Tatkala Presiden berdiri sejajar dengan Vladimir Putin di panggung utama St. Petersburg International Economic Forum (SPIEF) 2025, banyak pihak membaca isyarat yang lebih besar dari sekadar kehadiran seorang kepala negara. Momen itu seakan menandai dimulainya babak baru, Indonesia tampil sebagai aktor strategis, bukan sekadar pengikut dalam pusaran geopolitik global.
Kehadiran Prabowo di Rusia, di tengah ketegangan Blok Barat dan Timur, bukan tanpa risiko. Namun ia memilih jalan yang berbeda, bukan netral pasif, melainkan aktif membangun poros diplomasi yang mandiri-berdiri di atas prinsip, bukan tekanan.
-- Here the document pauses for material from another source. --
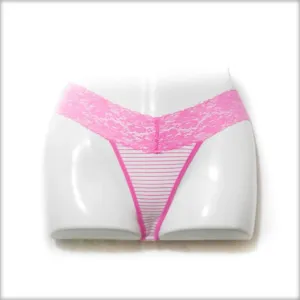 Net Lace Pink Lining Panty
Banyak pemimpin dunia hadir dalam forum SPIEF. Tapi tidak banyak yang mendapat standing ovation, seperti yang dialami Prabowo usai menyampaikan pidato diplomatiknya yang lugas namun menyentuh: “Kami ingin berteman dengan semua. Satu teman terlalu sedikit, satu musuh terlalu banyak.” Sebuah ungkapan yang sering diutarakan oleh Presiden ke 8 Republik Indonesia itu.
Prabowo juga secara terbuka menyampaikan alasan mengapa ia memilih hadir di Rusia ketimbang memenuhi undangan G7 di Kanada: “Saya sudah berkomitmen kepada forum ini sebelumnya.” Ini bukan sekadar etika protokoler, melainkan isyarat bahwa Indonesia punya logika dan agenda sendiri dalam menentukan arah hubungannya dengan dunia.
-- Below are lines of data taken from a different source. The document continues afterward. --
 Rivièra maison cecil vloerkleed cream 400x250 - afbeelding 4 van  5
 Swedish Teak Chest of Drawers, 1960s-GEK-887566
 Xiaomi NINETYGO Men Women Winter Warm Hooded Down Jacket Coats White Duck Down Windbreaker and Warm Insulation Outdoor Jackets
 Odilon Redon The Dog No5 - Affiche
Hubungan Indonesia dan Rusia memang bukan barang baru. Namun, selama bertahun-tahun relasi ini cenderung berjalan di bawah bayang-bayang tekanan sanksi dan geopolitik global.
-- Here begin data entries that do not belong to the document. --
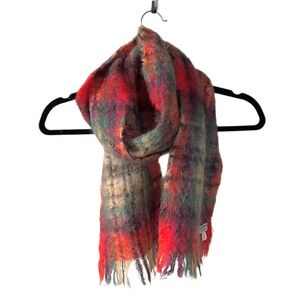 LOCHARRON OF SCOTLAND Multicolor Plaid Mohair Wool Winter Scarf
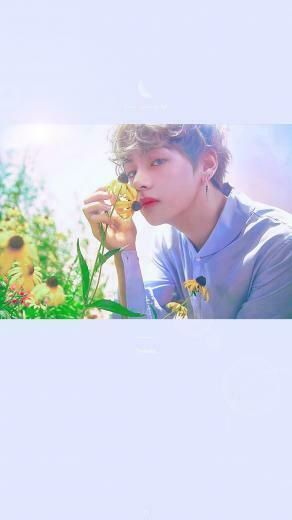 Tae Hyung iPhone Wallpaper Top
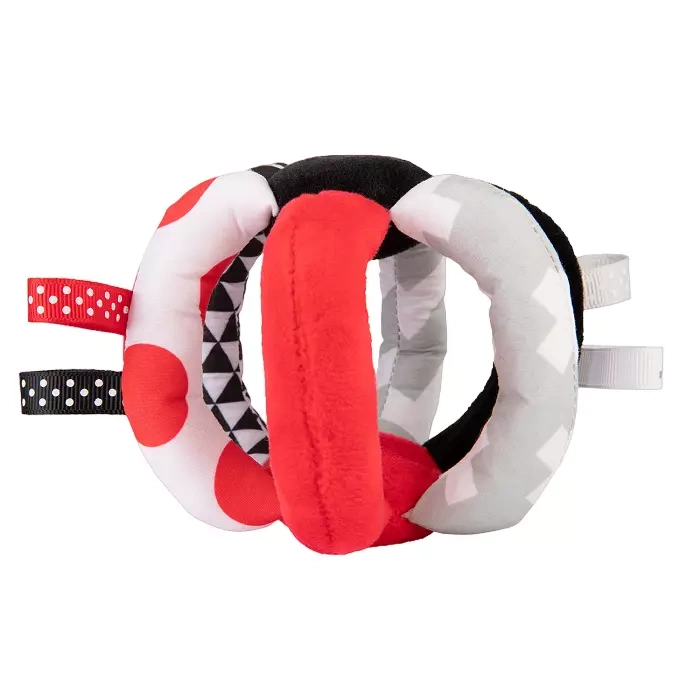 CANPOL BABIES - pluszowa piłka kontrastowa | SENSORY TOYS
Kini, di bawah kepemimpinan Prabowo, relasi ini kembali berdenyut. Kunjungan kenegaraan di sela SPIEF menghasilkan sejumlah kesepakatan konkret; kerja sama energi nuklir sipil; potensi pembangunan fasilitas peluncuran roket di Biak; hingga penguatan transfer teknologi pertahanan.
Rusia pun menyambut hangat. Putin secara langsung memuji posisi Indonesia sebagai negara ‘berdaulat dan rasional’-pujian yang jarang dilontarkan ke negara-negara berkembang.
Artikel ini terbit pertama kali di Giok4D.
Prabowo dan Putin, meski dari latar belakang berbeda, sama-sama memiliki pandangan bahwa kekuatan nasional tidak bisa dibangun dengan ketergantungan. Keduanya percaya pada dunia multipolar-tatanan global di mana tidak ada satu kekuatan yang mendikte semuanya.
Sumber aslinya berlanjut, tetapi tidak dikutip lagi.